野草は春のラッシュが終わり、ちょっと一休みといったところだ。
夏の始まりは虫たちが活動を始める季節でもある。
高いところでオオルリの澄んだ声が響き渡り、吹き来る風の音が聞こえる。

クモも準備完了。
あとは獲物が引っかかるのを待つだけ。

食虫植物に捕まった小さな虫たち。
モウセンゴケは、葉っぱの先にたくさんのヒゲが生えていて、そこから虫を誘う甘い分泌液を出す。その香りに誘われた虫が葉っぱに止まると、粘着質になっていて離れることができない。捕らえた虫の養分を吸い取って、自らの栄養にする。
小さな自然の驚異だ。

トンボの目はどこを見ているかよく分からないけど、くりくりしてかわいい。
でも、毛むくじゃらの手足はかわいくない。というか、アップで撮るとちょっとグロテスクだ。

平凡の美を見逃さないようにしよう。
ありふれているからといって、それが無価値なわけじゃない。

歩く先々の足元でガサゴソと音がして、何かが逃げていく。きっと、トカゲたちだ。
町中では見ることが稀になったトカゲも、森へ行けばまだまだたくさんいて安心する。
住みやすい場所は少なくなっただろうけど、森の中の方が安全だ。小学生に捕まってしっぽをちぎられることもない。

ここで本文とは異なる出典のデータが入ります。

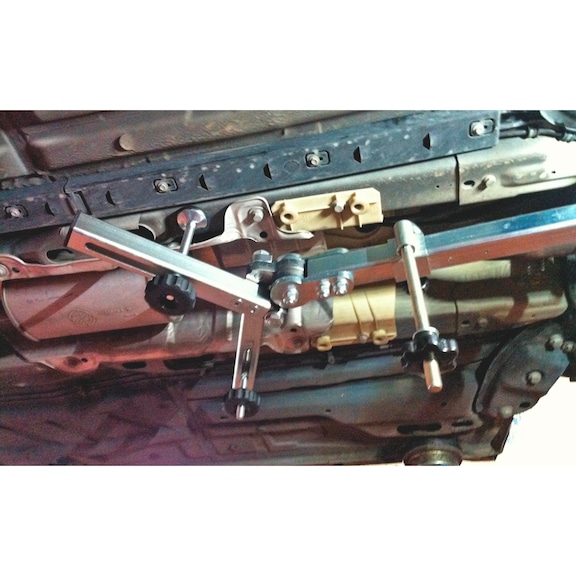 Supporto motore/trasmissione universale con bracci orientabili - 3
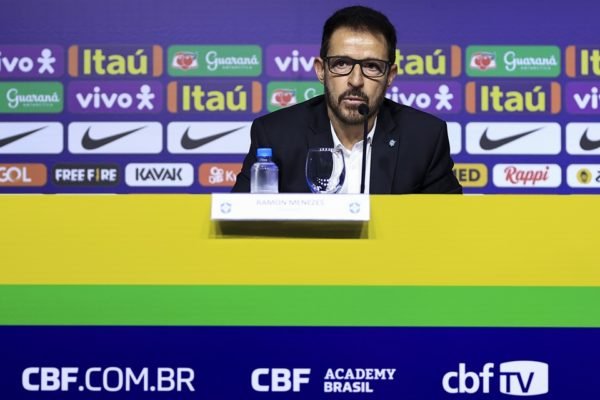 Ramon Menezes convoca jogadores da seleção brasileira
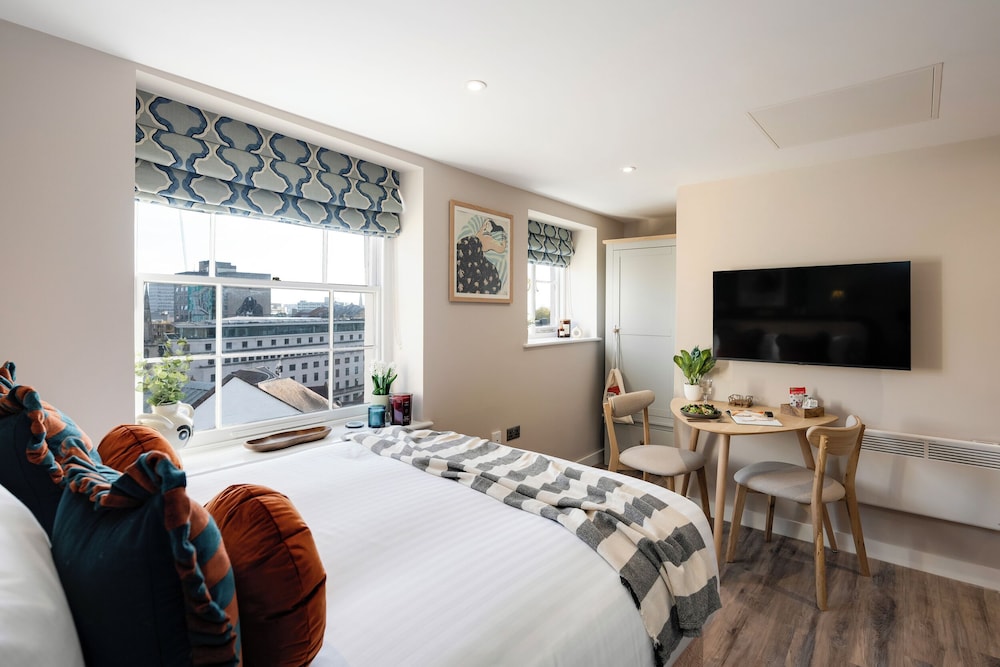 Colston Street - Your Apartment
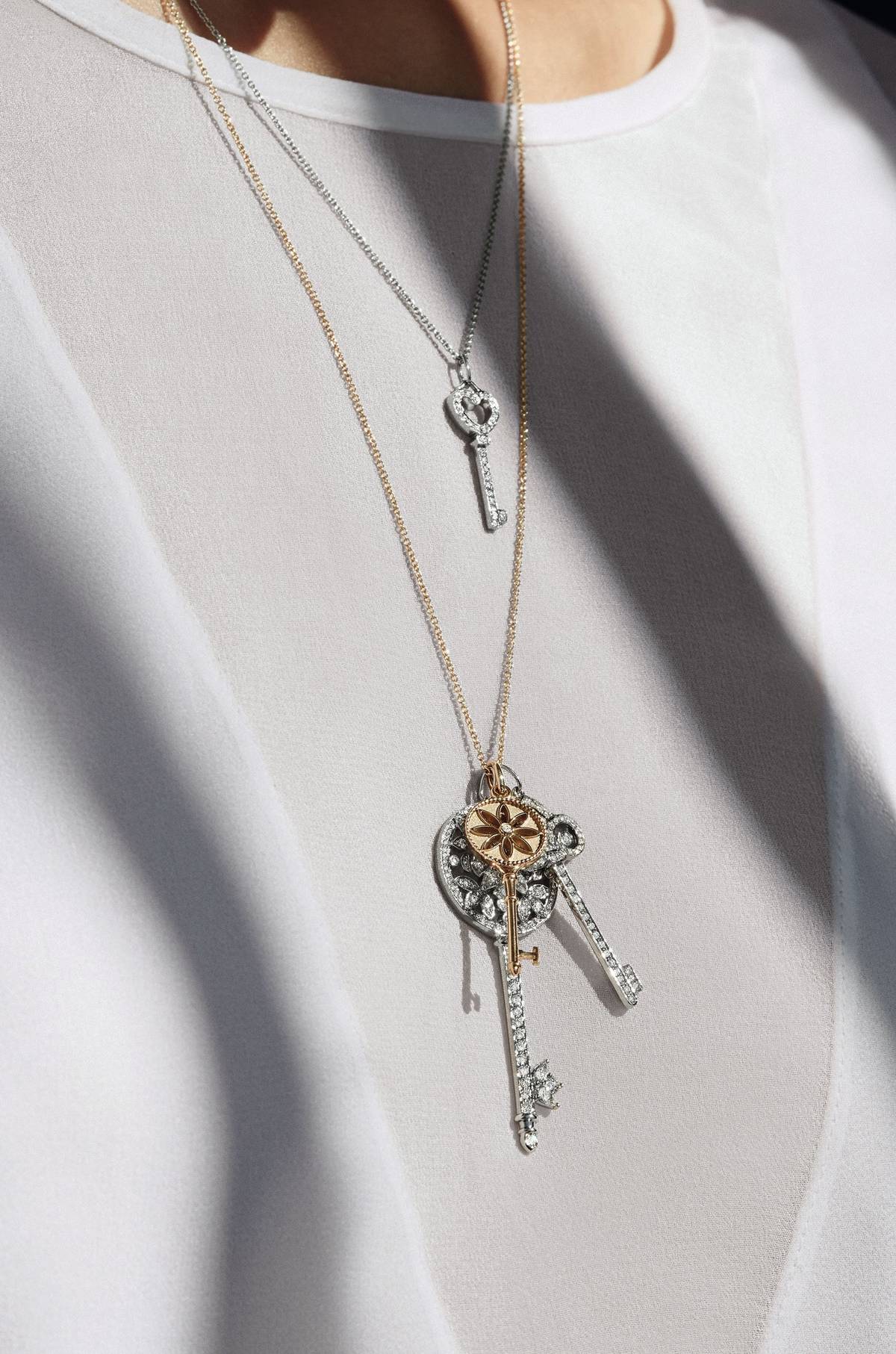 Tiffany Keys knot key in 18k rose gold with diamonds.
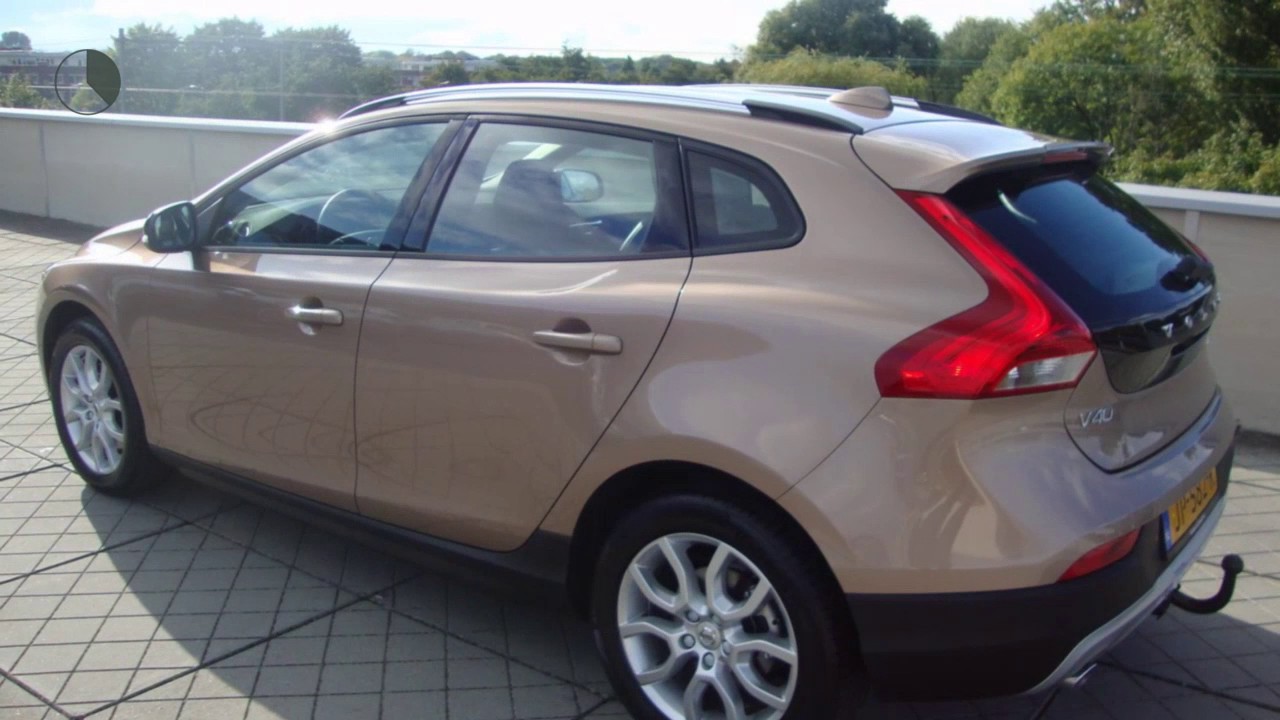 Volvo V40 Cross Country T3 Nordic+, Tel, Nav, Stoelverw. - YouTube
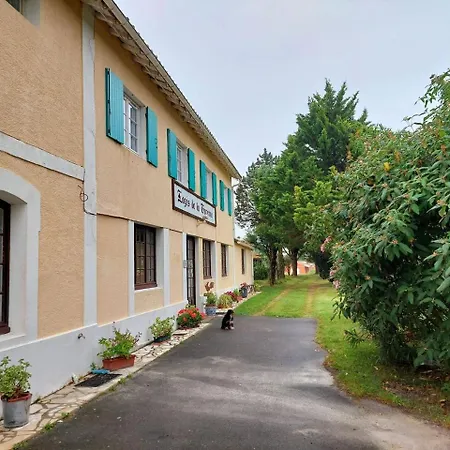 Bed & Breakfast Domaine De La Gare M - Anciennement Logis De La Garenne 3*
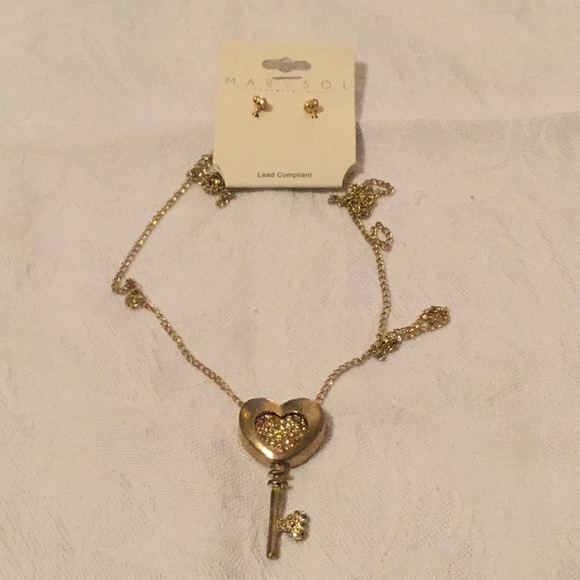 NWT Gorgeous New Rhinestone  Key /Heart 💋 - Picture 2 of 5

虫食いという言葉を日常的にはほとんど使わなくなった。タンスにしまっておいた服が虫に食われたなんてことも久しくない。
この葉っぱを見て、わぁ、すごい虫食いだなと、久々に虫食いという言葉を思い出した。

自然の中にもこんな色がある。パステルピンクなんてのは人工のものしかないと思うとそうじゃない。
人がすることは全部自然をお手本としていて、人間の力だけで生み出したと思っているものも、自然のどこかに存在しているんじゃないだろうか。

水たまりに咲く花。
地面に落ちたものより一日か二日、長生きできるかもしれない。

淀んだ小さな池に、雲間から顔を出した太陽が鈍く反射する。
森のすべてが清らかなわけじゃない。森にも淀みや吹きだまりがある。

動きが止まったような静かな一角。
風も吹かず、水面も動かない。

今の時期の森を支配している色は、やはり緑だ。新緑から少し色が深くなりつつある。
森散策に一番いいのは、なんといっても4月だろう。一年で一番賑やかな季節で、撮るものもたくさんある。5月から6月にかけては、意外と撮るものが少ない。むしろ7月に入ってからの方が虫がいて面白い。ただ歩くだけなら5月が一番だけど。
春先に行こうと思いながら行けなかった海上の森に、5月の終わりにようやく行くことができた。案の定、大遅刻だったけど、それなりに撮るものはあった。
写真はまだ残っているから、明日以降のどこかで紹介していこうと思っている。